O que começou a valer em 2026
Desde 1º de janeiro de 2026, está em vigor uma alíquota de teste composta por 0,9% de CBS (tributo federal) e 0,1% de IBS (tributo estadual/municipal), totalizando 1%. Essa alíquota já aparece destacada nos documentos fiscais eletrônicos emitidos pelas empresas.

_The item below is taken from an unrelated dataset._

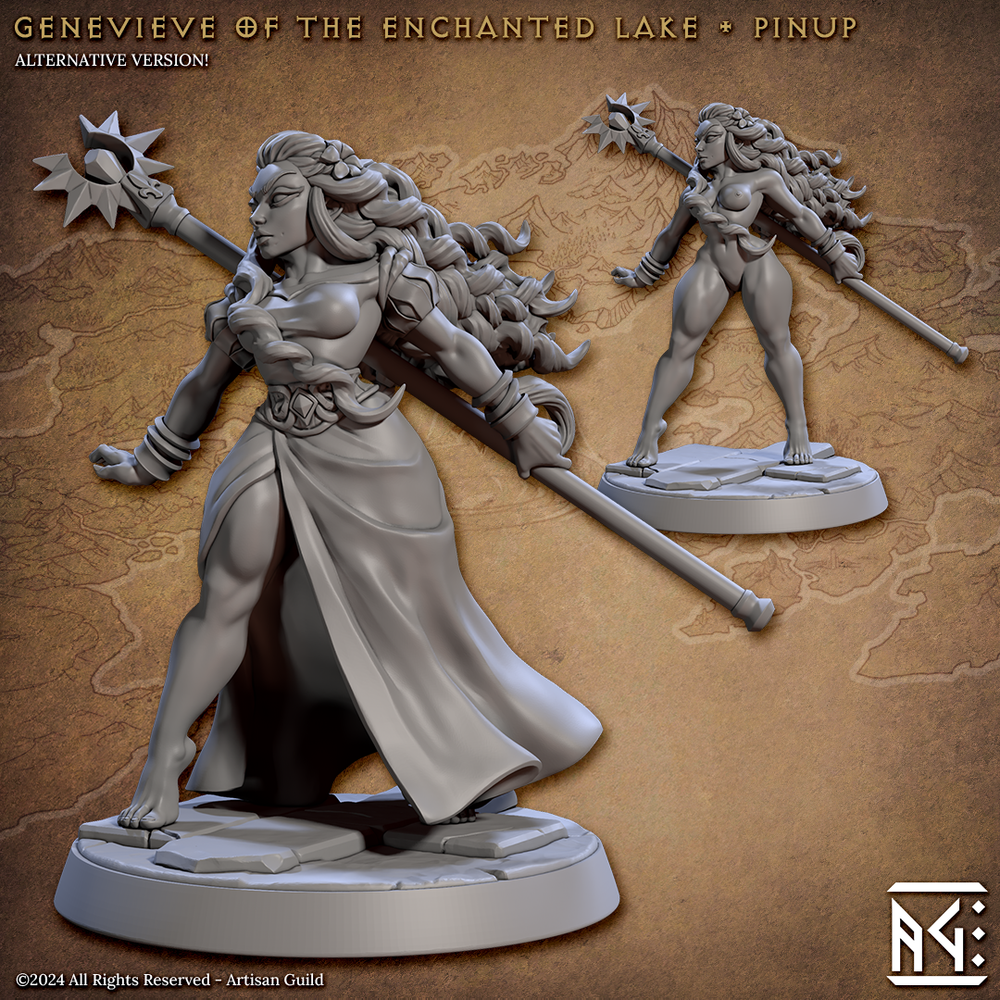 3D Printed Artisan Guild Genevieve of the Enchanted Lake Vanguard Fighters Set 28mm 32mm (Online Only)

Isso significa aumento de imposto agora?
Não, ao menos não neste momento. O valor pago a título de CBS e IBS em 2026 pode ser integralmente compensado com os débitos de PIS e Cofins da empresa, o que significa que, para quem cumprir corretamente as obrigações acessórias, não há aumento efetivo da carga tributária nesta fase. O impacto de 2026 é operacional — adaptação de sistemas, emissão de notas e rotinas contábeis — e não financeiro.
Por que o setor de serviços merece atenção redobrada
O novo modelo tributário funciona pela lógica do IVA (Imposto sobre Valor Agregado), em que cada elo da cadeia gera crédito sobre os insumos comprados. O problema é que o profissional PJ típico não compra “insumos” no sentido industrial — seu principal ativo é o próprio conhecimento, e sua folha de pagamento (quando existe) não gera crédito de IVA.

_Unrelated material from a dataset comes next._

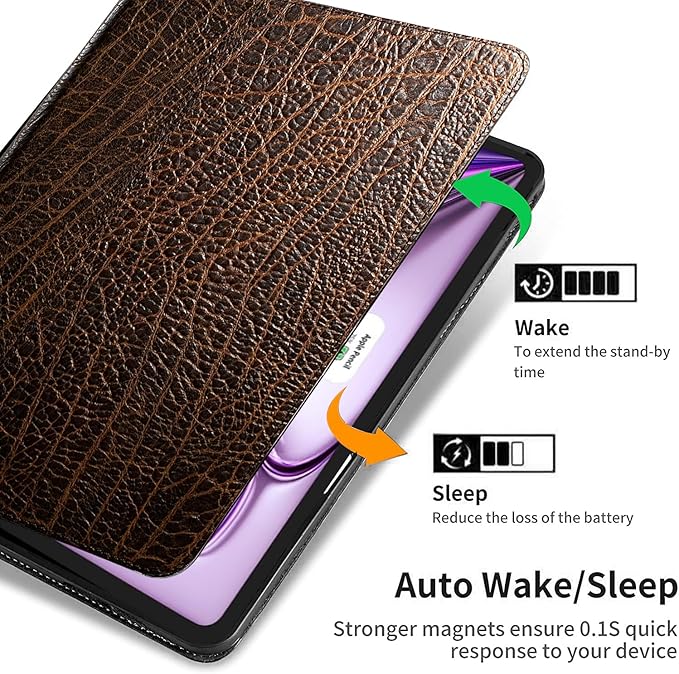 Gexmil Genuine Leather Case for iPad Pro 11 Inch (M5/M4) 2025/2024 with Adjustable StandProtective Shockproof Premium Leather Smart Folio Cover Auto Sleep/Wake Anti-Slip Buffalo Brown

Isso cria uma assimetria: enquanto indústria e comércio tendem a se beneficiar da não cumulatividade plena e do fim da guerra fiscal entre estados, o setor de serviços — especialmente os intensivos em mão de obra — pode enfrentar aumento de carga tributária ao longo da transição, já que tem poucos créditos para compensar.

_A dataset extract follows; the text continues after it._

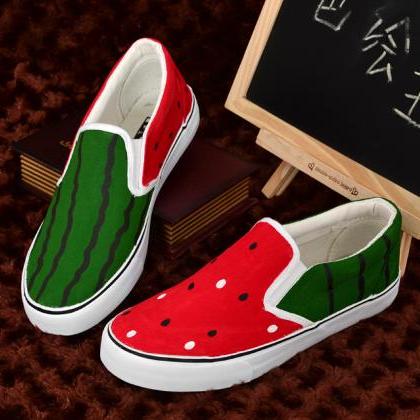 Fluorescent Stripe Watermelon Canvas Shoes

O que o profissional PJ deve fazer agora
- Revisar o enquadramento tributário atual (Simples Nacional, Lucro Presumido ou Lucro Real) à luz do novo modelo
- Acompanhar a emissão de notas fiscais para garantir que os destaques de CBS/IBS estejam corretos desde já
- Simular o impacto da alíquota cheia (prevista para os próximos anos da transição) sobre a margem de lucro do negócio
- Avaliar se a estrutura societária atual continua sendo a mais vantajosa diante do novo cenário
Planejamento tributário não é opcional na transição
A Reforma Tributária será implementada de forma gradual até 2033, com aumento progressivo das alíquotas de CBS e IBS e redução simultânea de PIS, Cofins, ISS e ICMS. Cada etapa dessa transição exige ajustes — e quem se planeja com antecedência tem mais controle sobre o impacto no lucro.